Das Buch ist tatsächlich durchaus "engaging und readable" und erfüllt damit ergänzend zu den umfangreicheren neueren Werken die Funktion einer Kurzbiographie. Auf akademischem Niveau überzeugt es allenfalls bedingt, nicht nur aus den bereits erwähnten Gründen: Nachweise der verwendeten Literatur sind überwiegend pauschal gehalten, eine Bibliographie im engeren Sinne gibt es nicht. Die acht Bildtafeln sind rein illustrativ; Signaturen der Buchmalereien fehlen, bei einer wird (ohne Angabe des Standorts!) sogar nur Wikipedia als Bildquelle genannt.
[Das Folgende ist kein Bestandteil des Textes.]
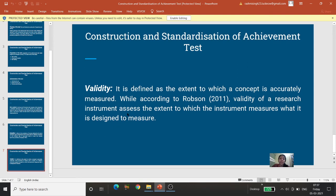Validity is defined as the extent to which a concept is accurately measured. According to Robson (2011), validity of a research instrument assesses the extent to which the instrument measures what it is designed to measure. Jis cheez ko naapne ke liye ise banaya gaya hai, use kitni seema tak measure kar sakta hai — yahi test ki validity hoti hai.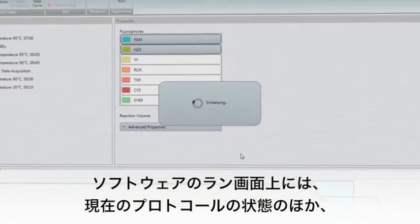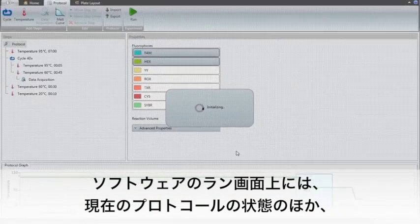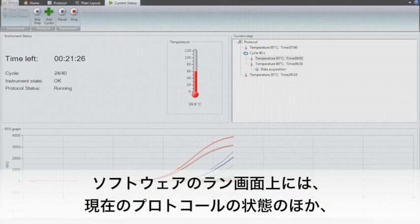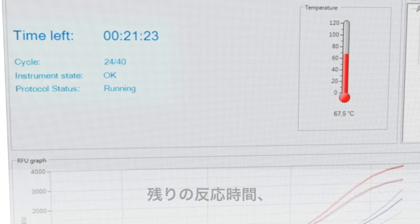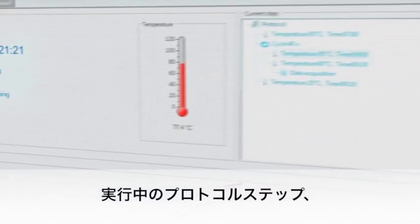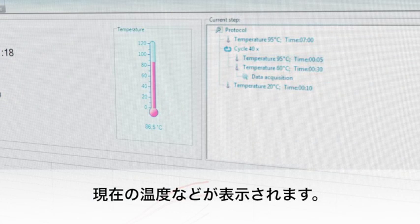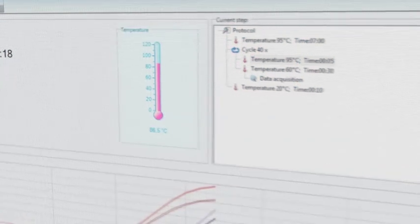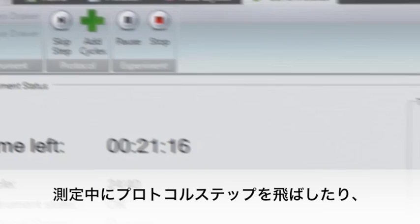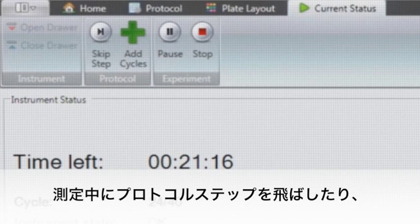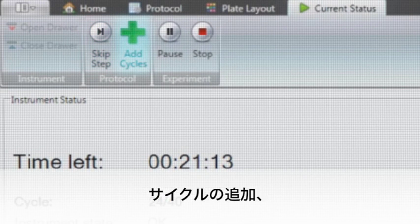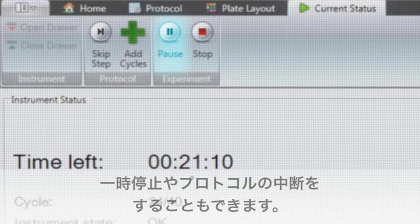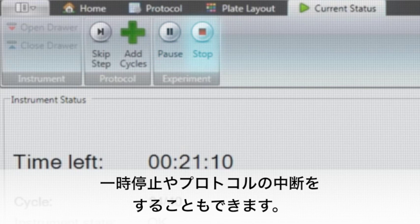Monitoring runs from the software run screen gives information on the current state of the protocol, remaining time, active protocol step, and current temperature. During the run, there is the possibility to skip a protocol step, add cycles, and pause or stop the protocol if required.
So kann man das Buch wegen seiner Einführung und seiner Kürze durchaus als Einstieg insbesondere für Schüler und interessierte Laien empfehlen; Studenten und Studentinnen sollten wie der Rest der akademischen Leser vor allem auf die andere oben angeführte Literatur zurückgreifen.
Anmerkungen:
[1] Gwilym Dodd (ed.): Henry V. New Interpretations, Woodbridge / Rochester, NY: Boydell & Brewer 2013, siehe die Rezension von Ralf Lützelschwab in: sehepunkte 14 (2014), URL: http://www.sehepunkte.de/2014/05/24282.html; Christopher Allmand: Henry V, New Haven/London 1997; Gerald L. Harriss (ed.): Henry V. The Practice of Kingship, Oxford 1985.
[2] Jeremy Catto: Religious Change under Henry V, in: Harriss (wie Anm. 1), 97 - 115.